You may invest in DICK'S Sporting Goods, Inc. (DKS - Free Report) , which has a Zacks Rank #2 and a VGM Score of A. Favorable customer demand, a solid product portfolio and strength in the online platform have been contributing to the company’s upbeat performance. The company has been witnessing significant growth across its core categories, including hardlines, apparel and footwear. Notably, it has been undertaking technology enhancements to provide customers seamless omni-channel experience. The sporting goods retailer has a trailing four-quarter earnings surprise of 34.7%, on average. It has a long-term earnings growth rate of 5.6%. Moreover, the Zacks Consensus Estimate for its current financial year sales and earnings indicates growth of 8.1% and 57.5%, respectively, from the prior-year period.

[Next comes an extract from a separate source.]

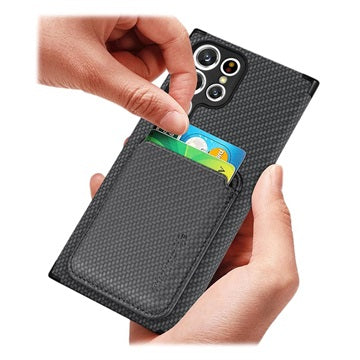 Samsung Galaxy S22 Ultra 5G Magnetisk Cover med Kortholder - Karbonfiber - Sort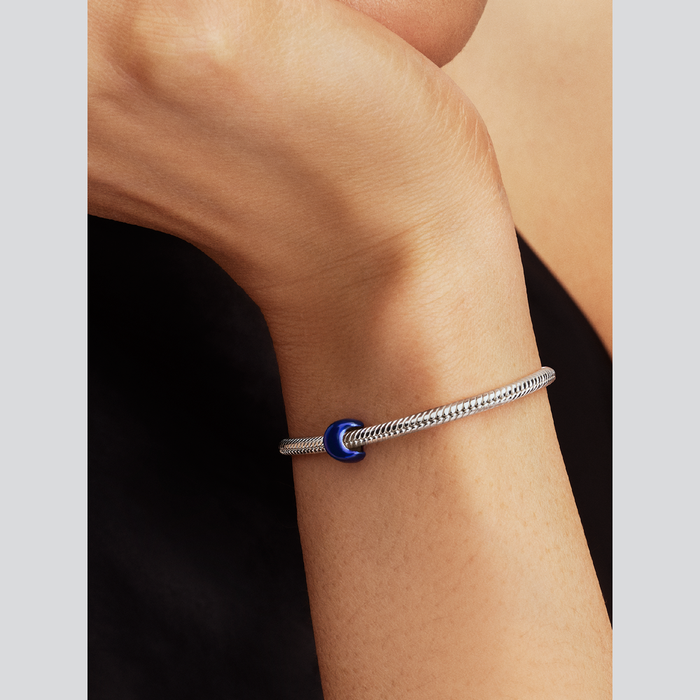 Mini Charm Luna effetto metallico blu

Investors can also count on Target Corporation (TGT - Free Report) , a general merchandise retailer in the United States. The company has been deploying resources to enhance omnichannel capabilities, come up with new brands, refurbish stores and expand same-day delivery options to provide seamless shopping experience. Its impressive holiday sales performance is a testament to the same. The company has a trailing four-quarter earnings surprise of 52.4%, on average. It has a long-term earnings growth rate of 8.5%. The stock has a Zacks Rank #2 and a VGM Score of A. Moreover, the Zacks Consensus Estimate for its current financial year sales and earnings suggests growth of 18.8% and 42.6%, respectively, from the year-ago period.

Lowe's Companies, Inc. (LOW - Free Report) is also a solid bet. Prudent measures to widen assortments and omnichannel capabilities have helped the company to emerge into a strong player. Its latest Total Home strategy aims to provide everything that homeowners need for renovation and remodeling work in every area of the house. The offerings are likely to benefit both Pro and DIY (do-it-yourself) customers. Impressively, this home improvement retailer has a trailing four-quarter earnings surprise of 16.2%, on average. The stock has a Zacks Rank #2 and a VGM Score of A. Moreover, the Zacks Consensus Estimate for its current financial year sales and earnings indicates growth of 22.6% and 52.3%, respectively, from the year-ago period.